Il lungo veronese classe ’97, miglior giocatore italiano per valutazione nella passata stagione (secondo miglior realizzatore dietro Della Valle), rappresenta più di un semplice innesto. È una scommessa personale per lui e una speranza tecnica per l’Armani.
“Sono consapevole che entrare in una squadra nuova in corsa sia complicato, ma desideravo far parte di questo gruppo”, racconta Totè a La Repubblica Milano.
Leonardo Totè: “Ho scelto Milano per vincere, non per giocare tanto”
Reduce da una fascite plantare che l’ha tenuto fermo per mesi, Totè non cerca alibi. Ha scelto Milano per mettersi in discussione in un contesto più competitivo, consapevole di non essere il primo italiano a provarci in un club ambizioso e non sempre accogliente con i talenti nostrani.
“Mi hanno detto: ‘Ci hai sempre massacrato, dobbiamo portarti qui’. Ho preso il treno e sono arrivato subito.”
L’ex Pesaro, Napoli e Verona sa bene che i minuti saranno da conquistare:
“Milano è un ambiente esigente, ci sono grandi giocatori e poco spazio.
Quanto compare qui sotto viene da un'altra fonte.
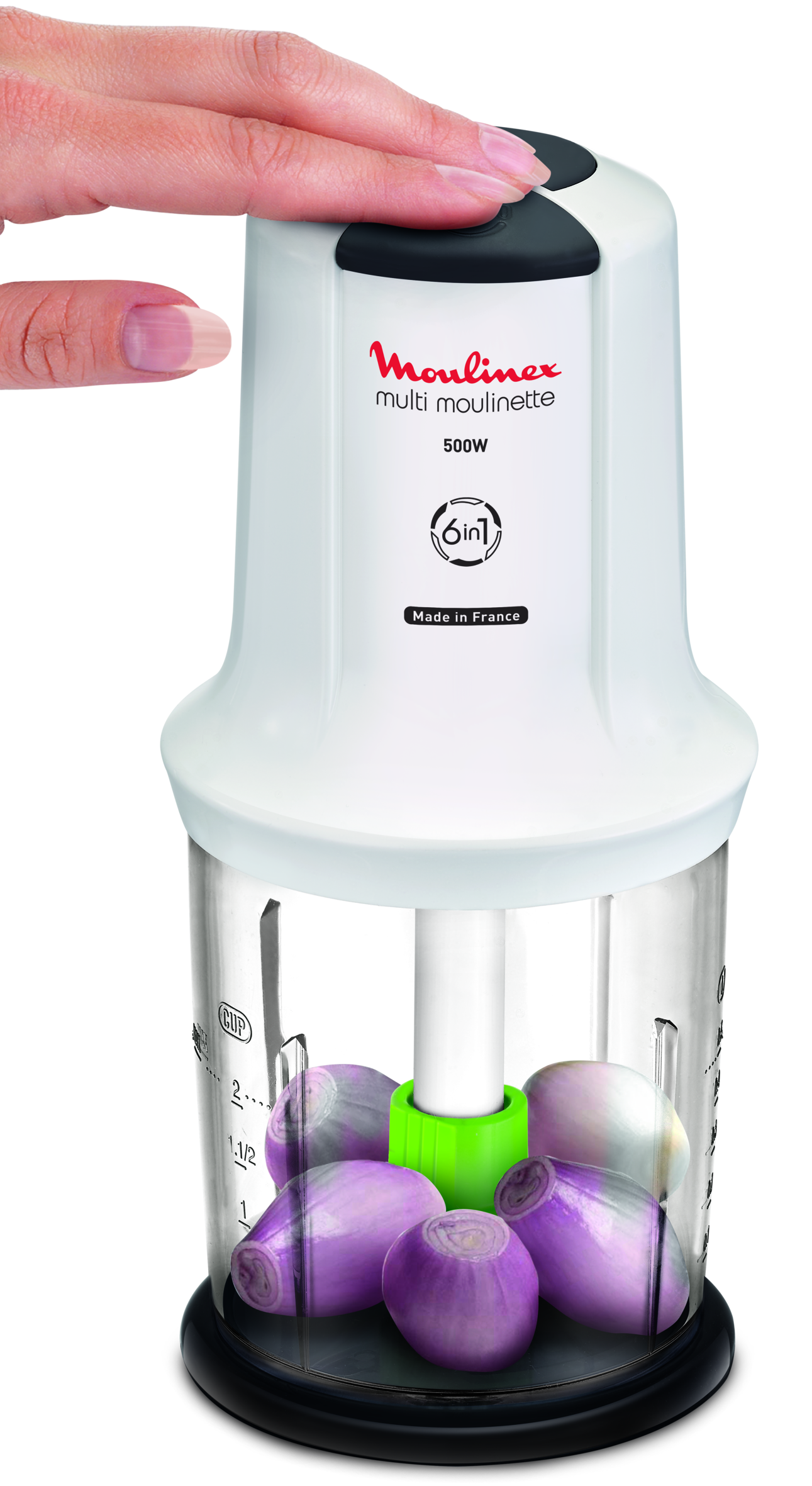 Tritatutto La Moulinette Multi 6 in 1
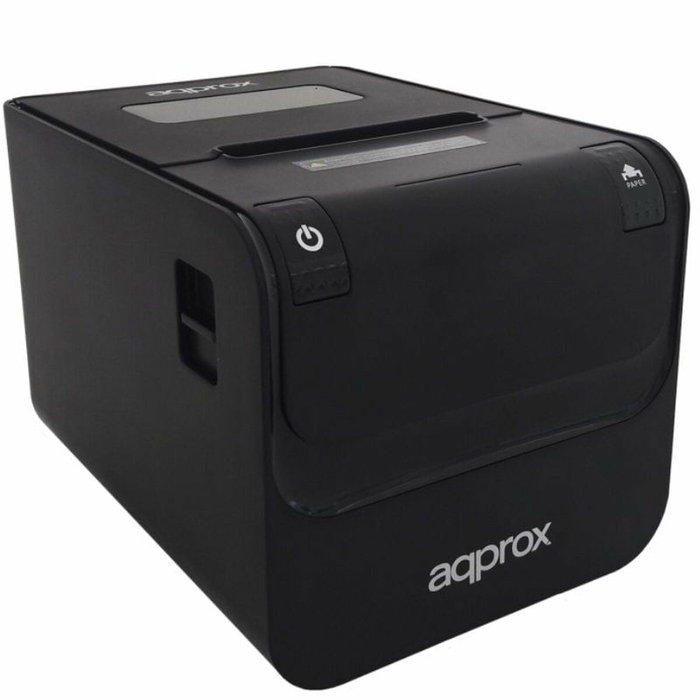 Approx appPOSPACK4180-2D Kit TPV Negro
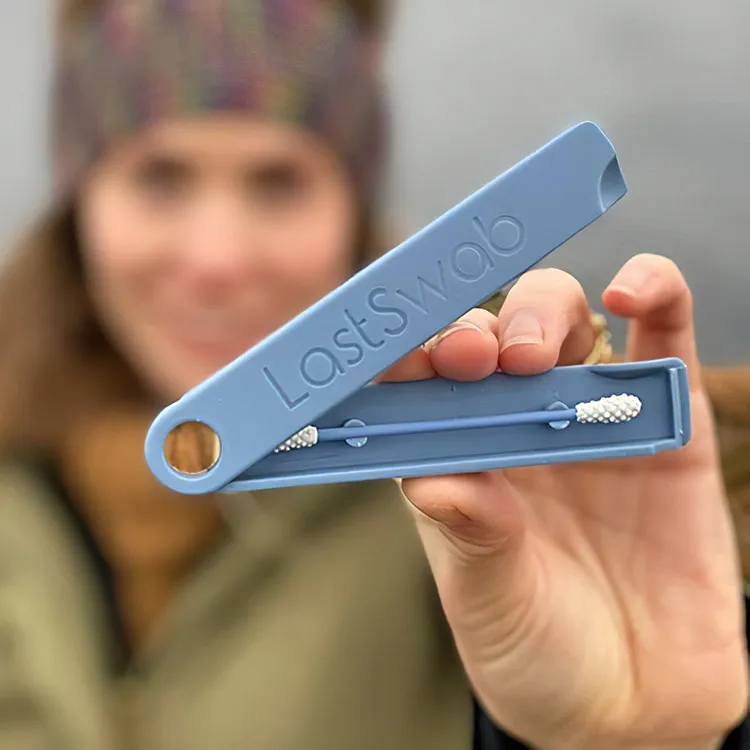 LastSwab Basic återanvändbar tops, Blå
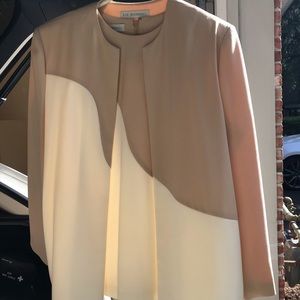 3 piece Ilde Marshall pants suit.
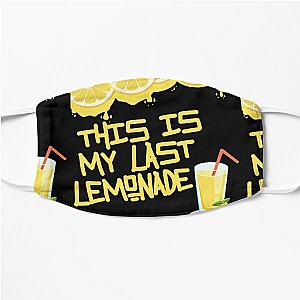 My Last Lemonade (Killswitch Engage Lyrics) Flat Mask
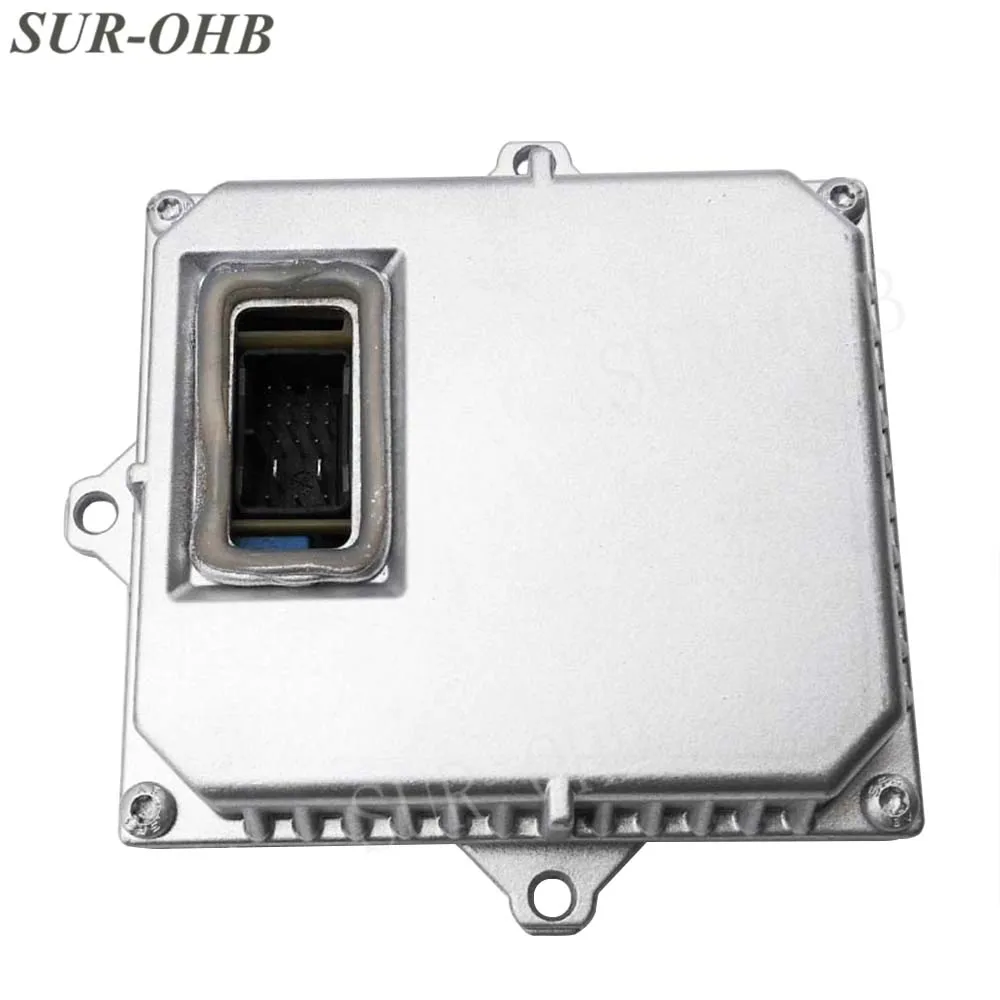 Оригинальные AL 1307329068 D2S Ксеноновые фары 7M3907391 YM21 13L028AA HID D2R балласт 1T0907391 для MK4 1 307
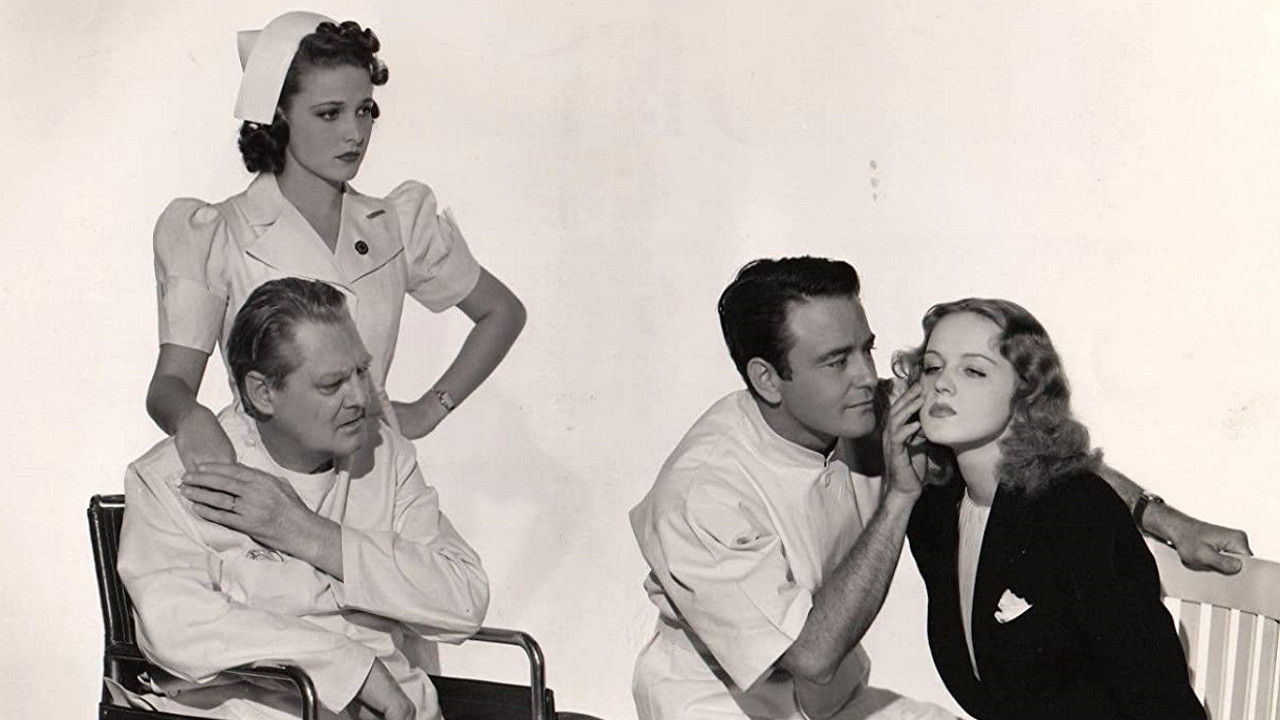 The Secret of Dr. Kildare backdrop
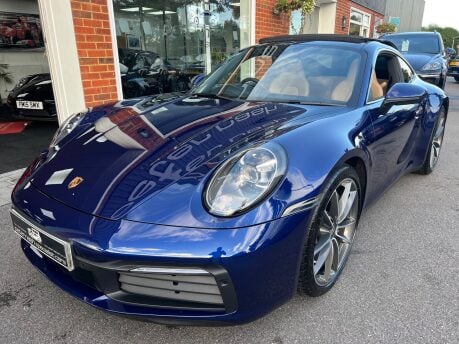 Porsche 911 3.0T 992 Carrera Coupe 2dr Petrol PDK Euro 6 (s/s) (385 ps) 13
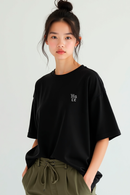 Camisa Oversized Filho de Deus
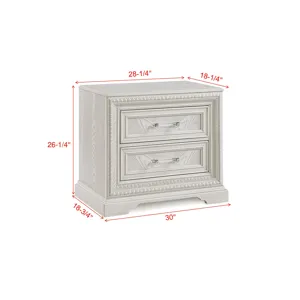 Alexandria Night Stand
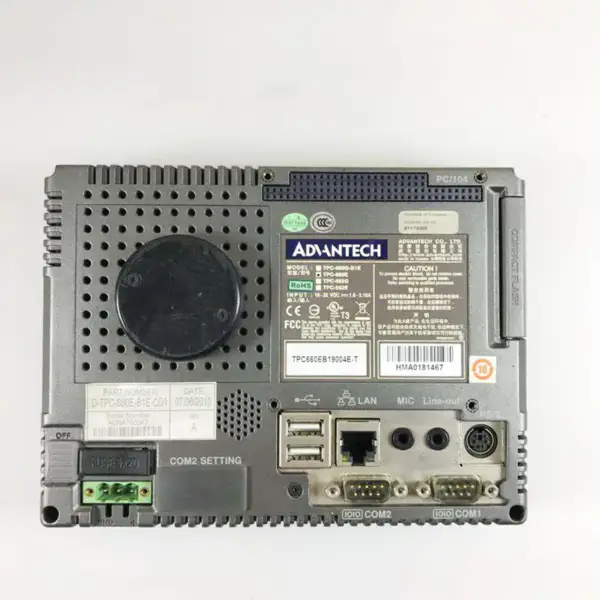 L'écran Lcd Tpc-660e Tpc-660e-b1be Tpc-660g-b1e Tpc-662g Tpc-662e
Ma il mio obiettivo è diventare il miglior giocatore possibile. E vincere.”
Inserimento graduale, ma già dentro al gruppo
Nonostante non abbia potuto seguire la squadra in trasferta, Totè ha osservato da vicino dinamiche e allenamenti.
“Mi ha colpito il feeling tra i giocatori: entrare in un sistema così affiatato ti aiuta molto. Sento di far parte di qualcosa, non solo sul parquet ma anche come persona.”
Una scelta di crescita
Totè ha scelto Milano non per emergere da protagonista assoluto, ma per alzare l’asticella in un sistema competitivo, con allenamenti di alto livello e obiettivi massimi come EuroLeague.
“Non sono venuto a Milano per stare in panchina, ma so che dovrò guadagnarmi ogni minuto. Non ho paura: se c’è anche solo un centimetro, io lo prendo tutto.”